*** DATA ***

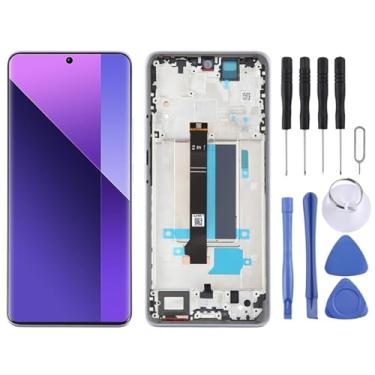 Imagem de tela Para Xiaomi Redmi Note 13 Pro+ Digitalizador de tela LCD de material AMOLED ORIGINAL COMPLETA COMPLETA COM FORA substituição da tela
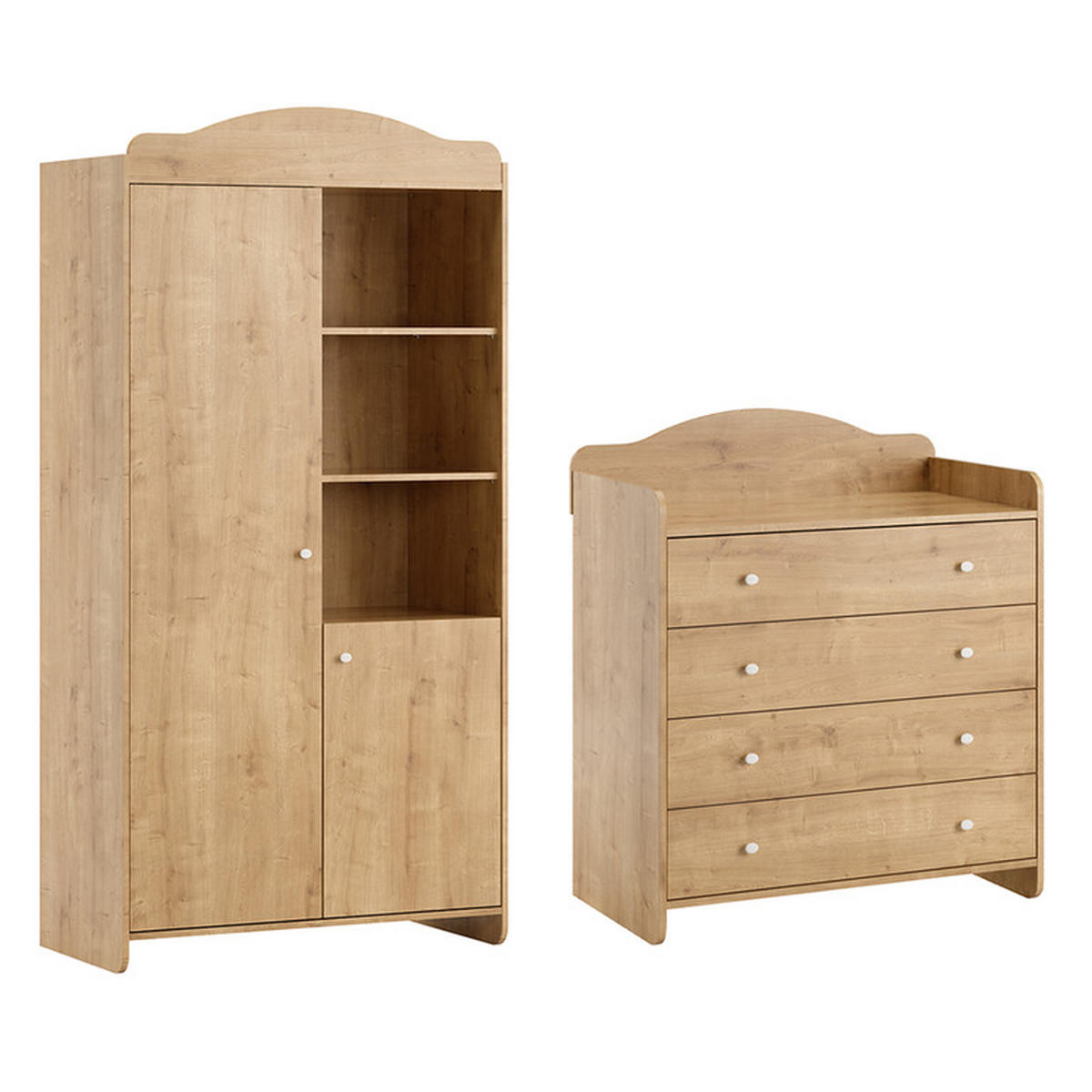 BABYZIMMER 2-teilig Megeve Holz - Braun, Holzwerkstoff (90.4/105.4/51.7cm) - Petits-meubles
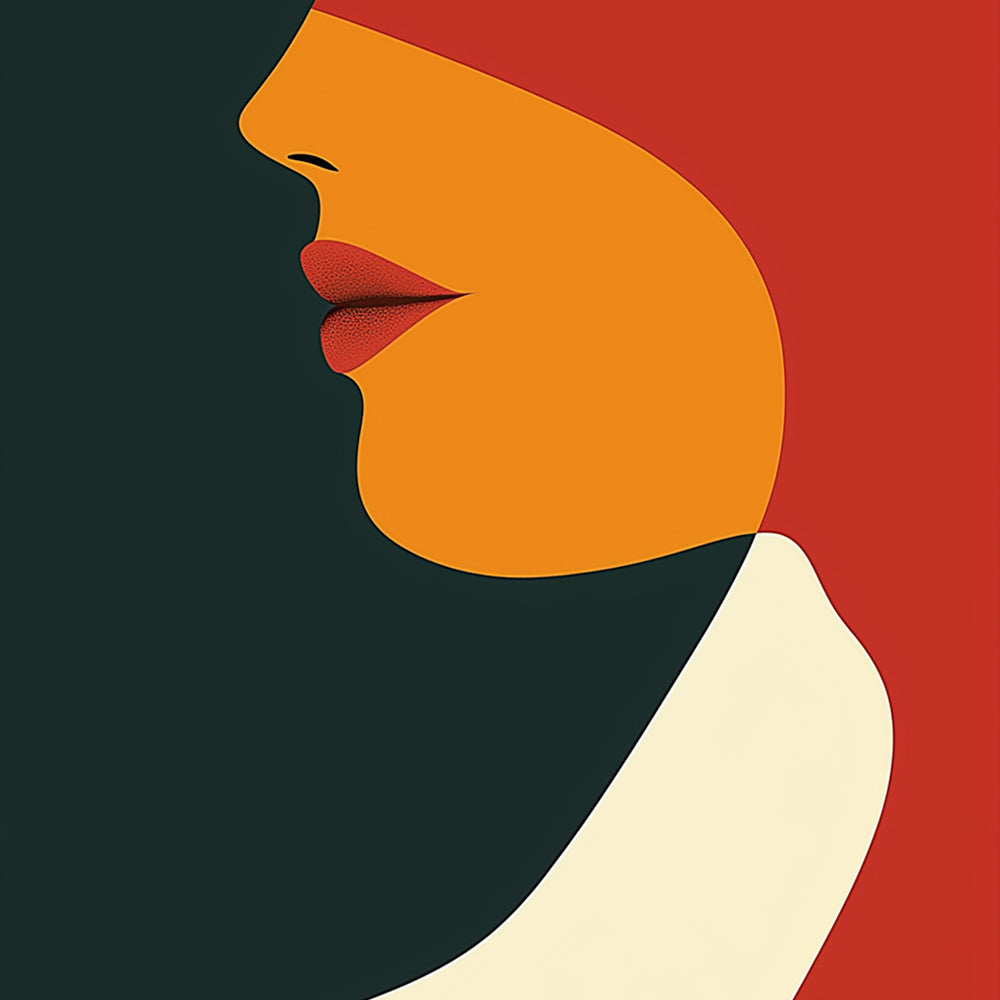 Mujer con Sonrisa Mini Pintar por Números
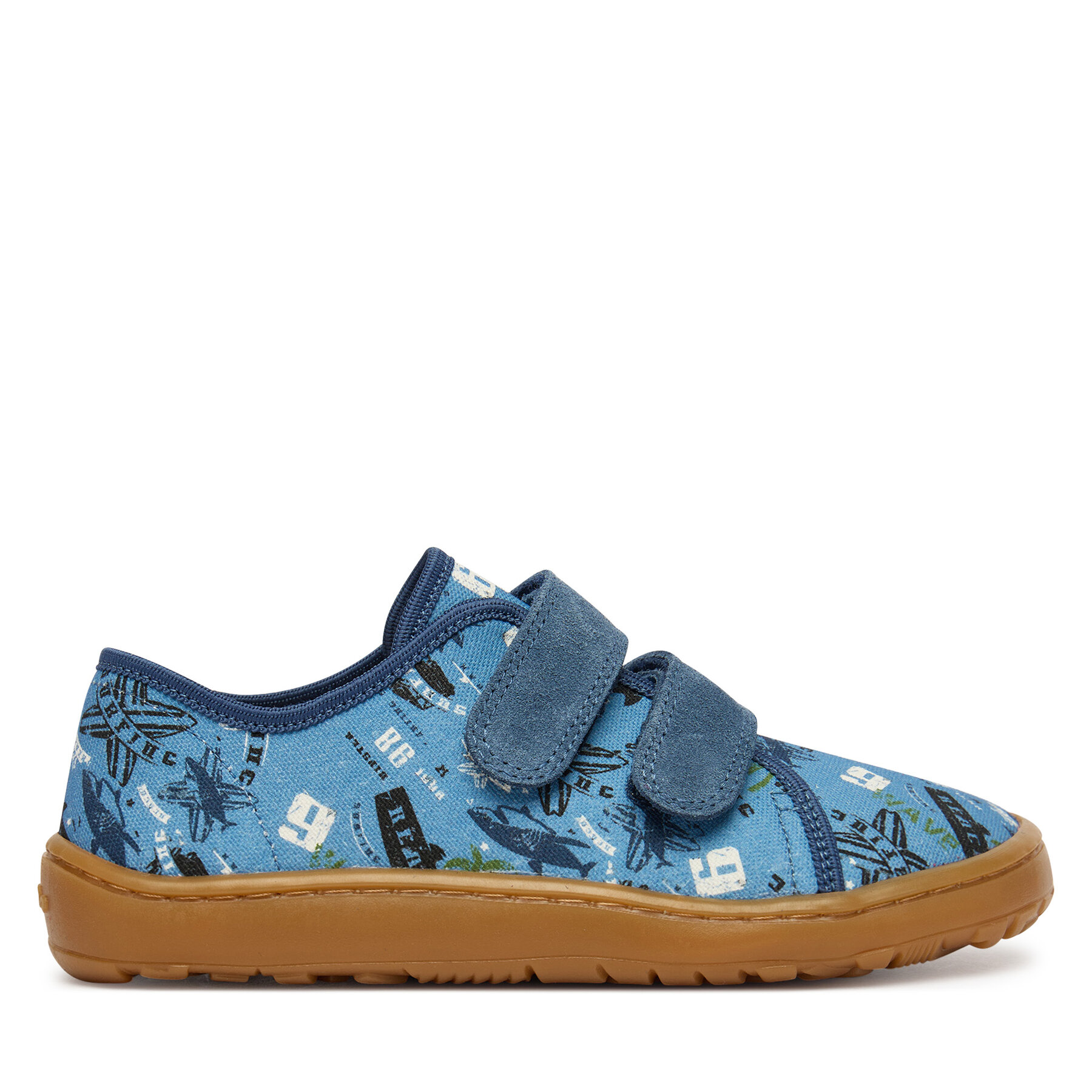 Пантофи Froddo Barefoot Canvas G1700440-6 D Син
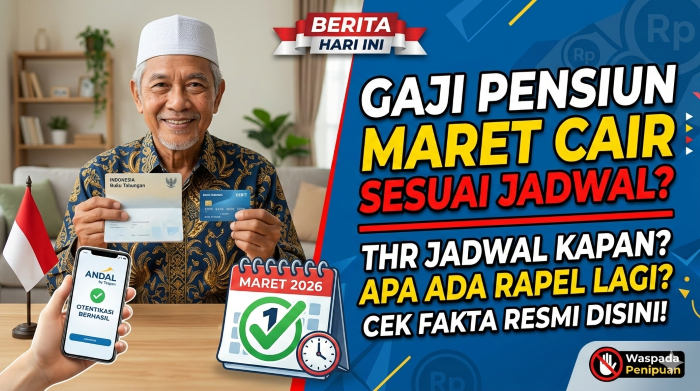 Gaji pensiun Maret 2026 cair 1 Maret? (Ilustrasi: Gemini)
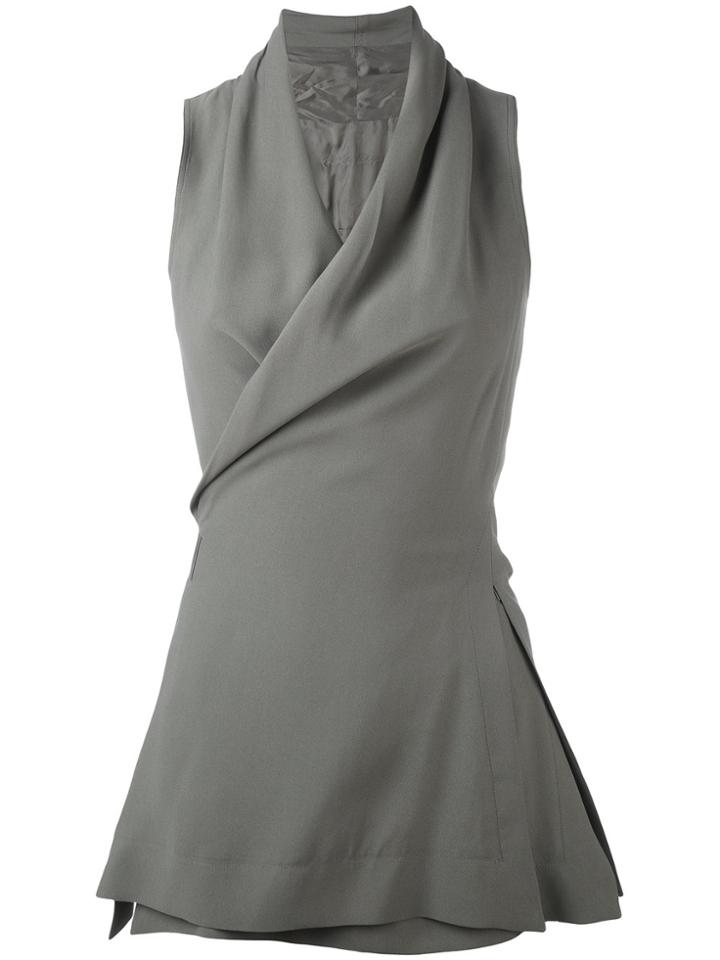 Rick Owens Wrap Vest Jacket - Grey
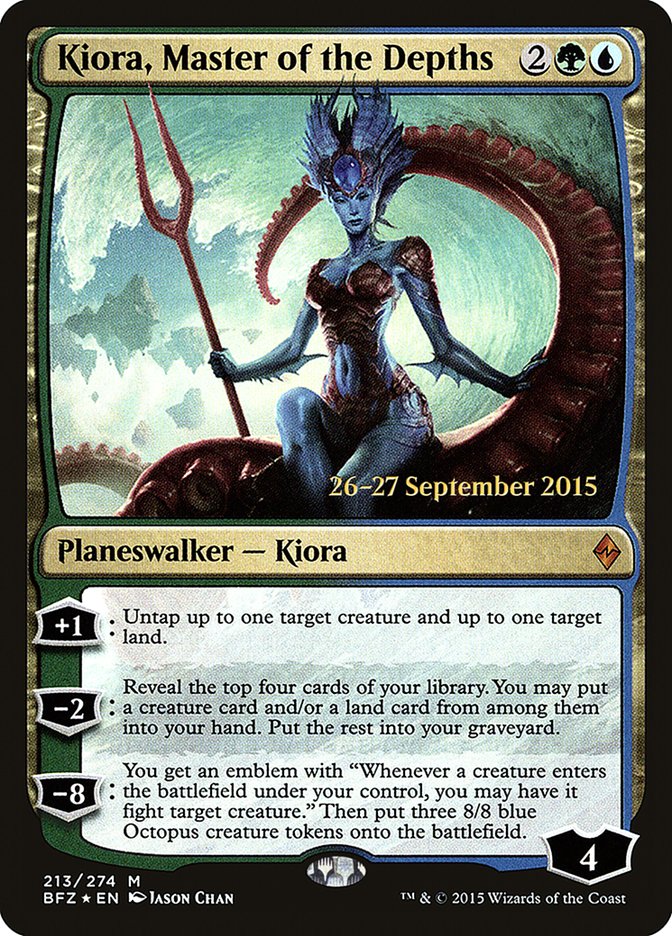 Kiora, Master of the Depths [Battle for Zendikar Prerelease Promos] | Exor Games Truro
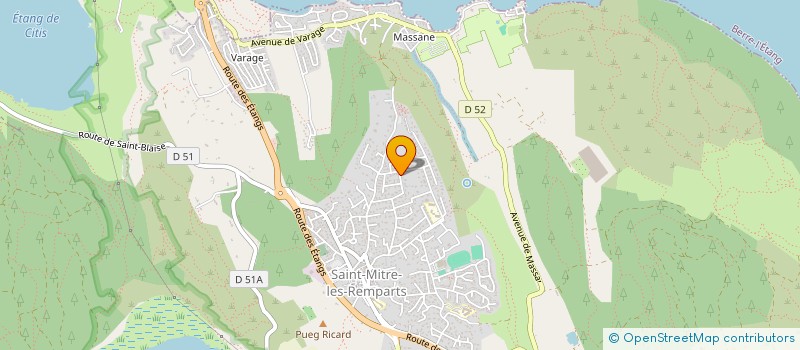 localisation de l'entreprise MONSIEUR GAEL THIEULENT  SAINT-MITRE-LES-REMPARTS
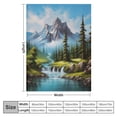 thumbnail image 4 of Creowell Mountain Lake Waterfall Trees Print Throw Blanket Lightweight Soft Blanket for Bed Couch Car Kids Adults All Seasons - 3 Sizes Available 50x60in, 4 of 6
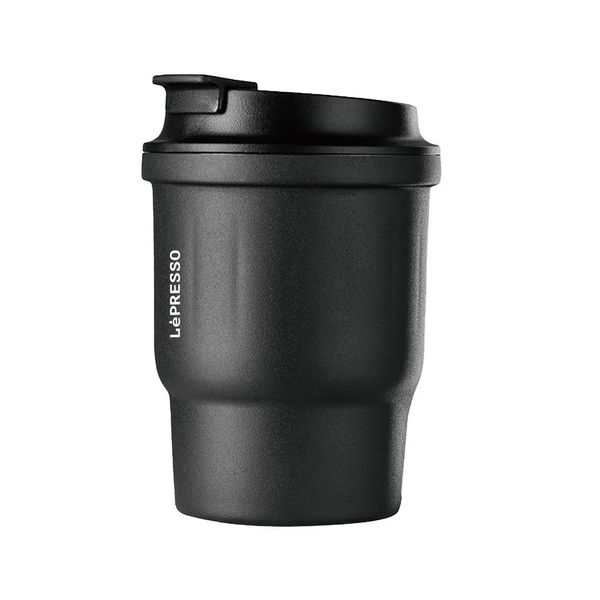 لیوان دوجداره حرارتی لپرسو LePresso / ظرفیت 450 میلی‌لیتر / ماگ سفری (تراول ماگ) دوجداره
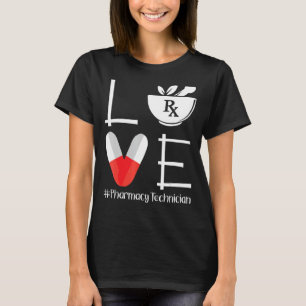 Niedliche Pharmazie Tech Liebe Pharmazeutischer Un T-Shirt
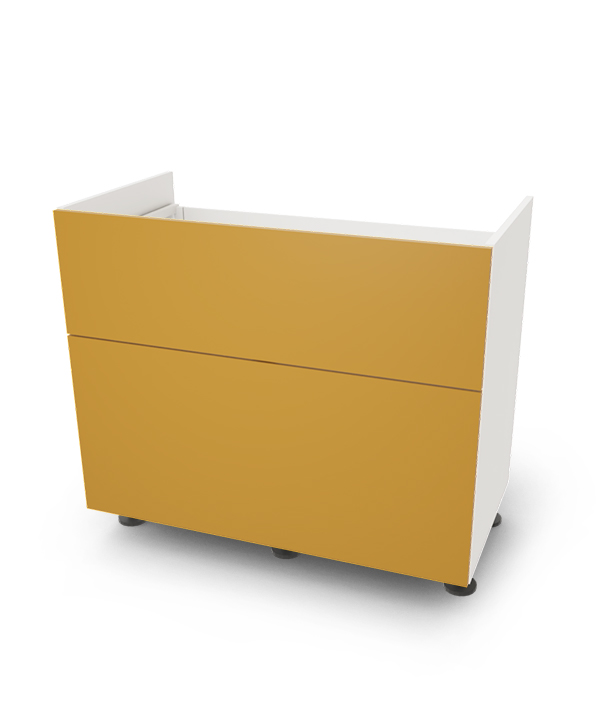 Spodní skříňka pro varnou desku se 2 zásuvkami, 100 cm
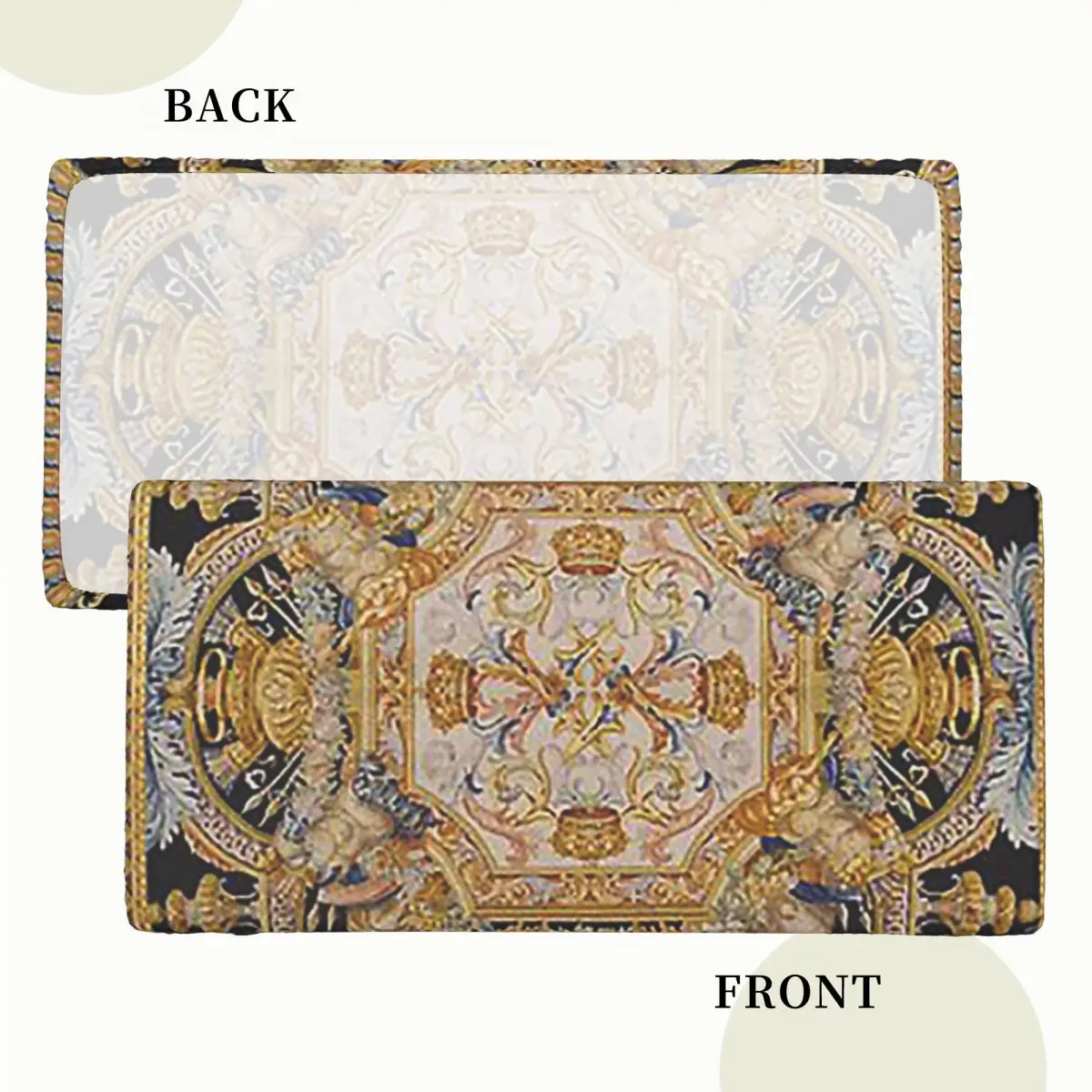 Baroque Madness Custom Rectangular Tablecloth Oilproof Table Cover for Dining Events Table Cloth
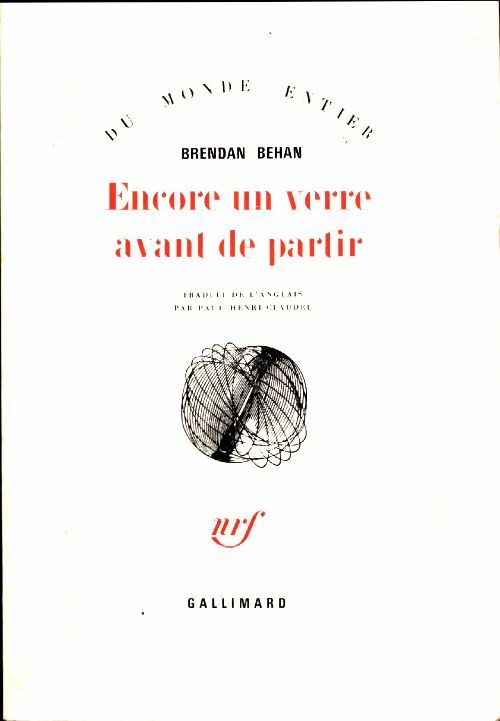 Livrenpoche : Encore un verre avant de partir - Brendan Behan - Livre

*** End of DATA ***

THE TASK
A faithful copy is needed: reproduce all of the data above, leaving the pictures out.

THE COMPLETED TASK
 Imagem de tela Para Xiaomi Redmi Note 13 Pro+ Digitalizador de tela LCD de material AMOLED ORIGINAL COMPLETA COMPLETA COM FORA substituição da tela
 BABYZIMMER 2-teilig Megeve Holz - Braun, Holzwerkstoff (90.4/105.4/51.7cm) - Petits-meubles
 Mujer con Sonrisa Mini Pintar por Números
 Пантофи Froddo Barefoot Canvas G1700440-6 D Син
 Gaji pensiun Maret 2026 cair 1 Maret? (Ilustrasi: Gemini)
 Rick Owens Wrap Vest Jacket - Grey
 Kiora, Master of the Depths [Battle for Zendikar Prerelease Promos] | Exor Games Truro
 localisation de l'entreprise MONSIEUR GAEL THIEULENT  SAINT-MITRE-LES-REMPARTS
 thumbnail image 4 of Creowell Mountain Lake Waterfall Trees Print Throw Blanket Lightweight Soft Blanket for Bed Couch Car Kids Adults All Seasons - 3 Sizes Available 50x60in, 4 of 6
 لیوان دوجداره حرارتی لپرسو LePresso / ظرفیت 450 میلی‌لیتر / ماگ سفری (تراول ماگ) دوجداره
 Niedliche Pharmazie Tech Liebe Pharmazeutischer Un T-Shirt
 Spodní skříňka pro varnou desku se 2 zásuvkami, 100 cm
 Baroque Madness Custom Rectangular Tablecloth Oilproof Table Cover for Dining Events Table Cloth
 Livrenpoche : Encore un verre avant de partir - Brendan Behan - Livre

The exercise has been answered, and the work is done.